I’ll be interested in seeing how this plays out. Maybe this is just an implicit bet on SSMs as a new architecture and TTS is just the first application? That is the best way I could rationalize this investment.
Grok 3’s voice afterthought
I spent some time with Grok 3’s voice modes. While some of them made for great shareable clips (who doesn’t chuckle a little bit hearing an AI curse?), I wasn’t super impressed with the execution of their voice mode. Voice felt bolted onto text and many of the elements of Sesame that really impressed me were absent from Grok.
While the factuality and semantic steerability were excellent on this model, expressivity, conversationality, and acoustic steerability were poor and aside from hearing audio LLM-specific bugs, I would have guessed that they just bolted a mid TTS system onto the text outputs.
That said, I do think that there is something interesting from a product perspective in the voice modes. In theory, a perfect conversational AI would be able to inuit what the user wants, but in practice this is very hard. With Grok 3, the model doesn’t have to guess if you want NSFW romance or homework help. You can just tell it directly.
Gemma 3 makes hacking great again
DeepSeek R1 is amazing at 671B params! But you might have to sell a kidney to figure out how to run and fine tune this. Gemma 3 brings OSS models back to reality with their very strong 1B, 4B, 12B, and 27B dense models. I haven’t played with these much yet, but my initial reaction is positive and their benchmark numbers are very impressive.

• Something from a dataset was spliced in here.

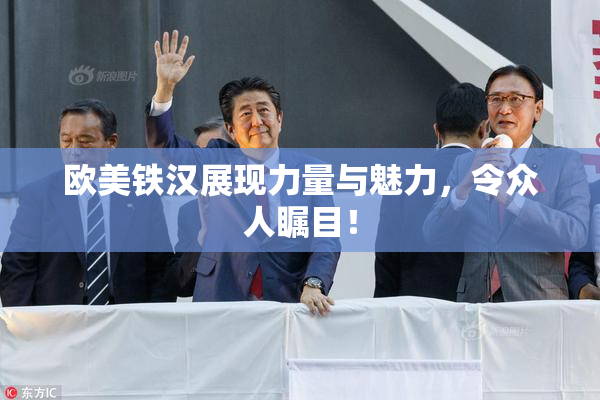 欧美铁汉展现力量与魅力，令众人瞩目！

They released both pretrained and instruction-tuned variants of all sizes along with pretty robust documentation and developer tools. I’m looking forward to seeing what the anime-girl pp crowd on Twitter builds with these.

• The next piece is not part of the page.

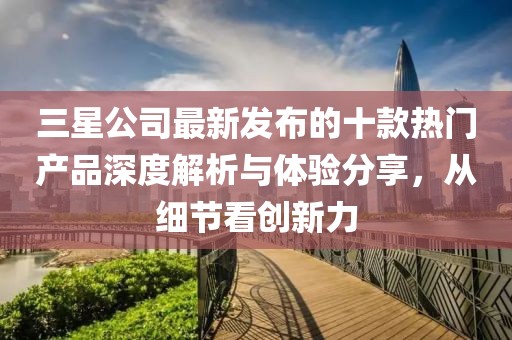 三星公司最新发布的十款热门产品深度解析与体验分享，从细节看创新力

Teardown of Phi-4 Multimodal technical report
Hours after I published the last speech scoop, Microsoft released the Phi-4 Multimodal technical report. While this wasn’t a dialogue model, they achieve very strong numbers on a bunch of audio understanding tasks (although I do think that some of their evals are cooked; after playing with the demo, I have a very hard time that they best Geminin and GPT-4o on a bunch of audio QA tasks) and took a novel approach that I found worth covering.
Instead of training a model from some checkpoint with audio tokens or bolting on an adapter, they dynamically load LoRAs for different token types. This let them maintain the performance of the pre-trained text model with new modalities and deliver an e2e-type approach with minimal additional training. Loading and unloading all of these LoRAs seems hard to serve and I’m not sure that I buy the merits of the approach given the complexity, but time will tell if something like this wins out.

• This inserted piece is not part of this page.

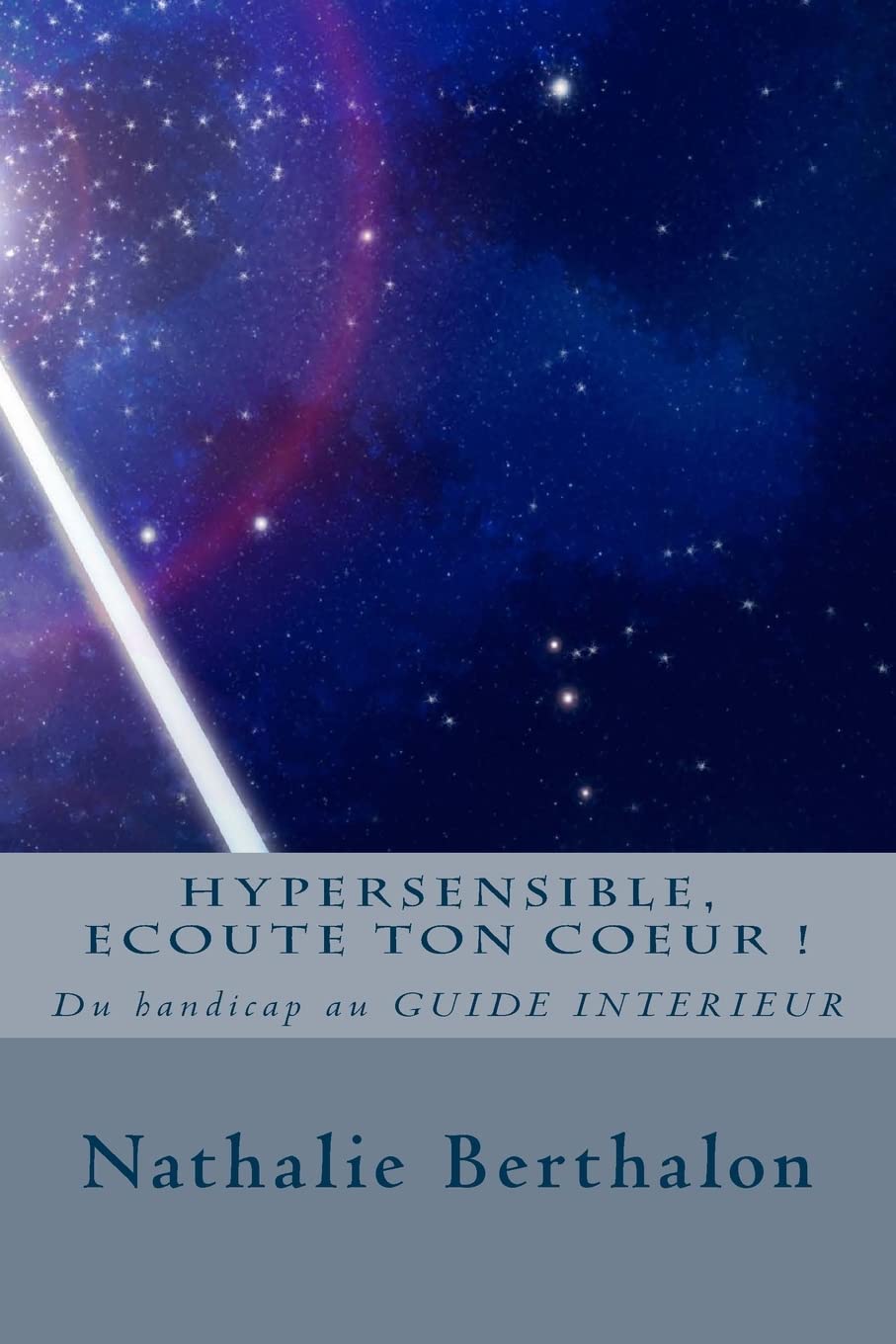 Hypersensible, Ecoute ton coeur !: Du handicap au GUIDE INTERIEUR 9781493549351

Don’t sleep on Chinese models part VII: Baidu does audio with Ernie 4.5
I haven’t been able to test this because their consumer product is entirely in Chinese and doesn’t have an obvious voice entry point, but their launch announcement claims frontier performance across modalities including support for audio and OSS soon. It’s not clear whether these are true native dialogue capabilities or just understanding like Gemini 1.5 and Qwen.
Measuring dialogue quality just got a little easier
Talking Turns: Benchmarking Audio Foundation Models on Turn-Taking Dynamics and Full-Duplex-Bench: A Benchmark to Evaluate Full-duplex Spoken Dialogue Models on Turn-taking Capabilities just dropped proposing new methods to evaluate the conversationality of dialogue models. I haven’t read in depth, but I think that this is important work and anticipate some of these metrics to start to become industry standards.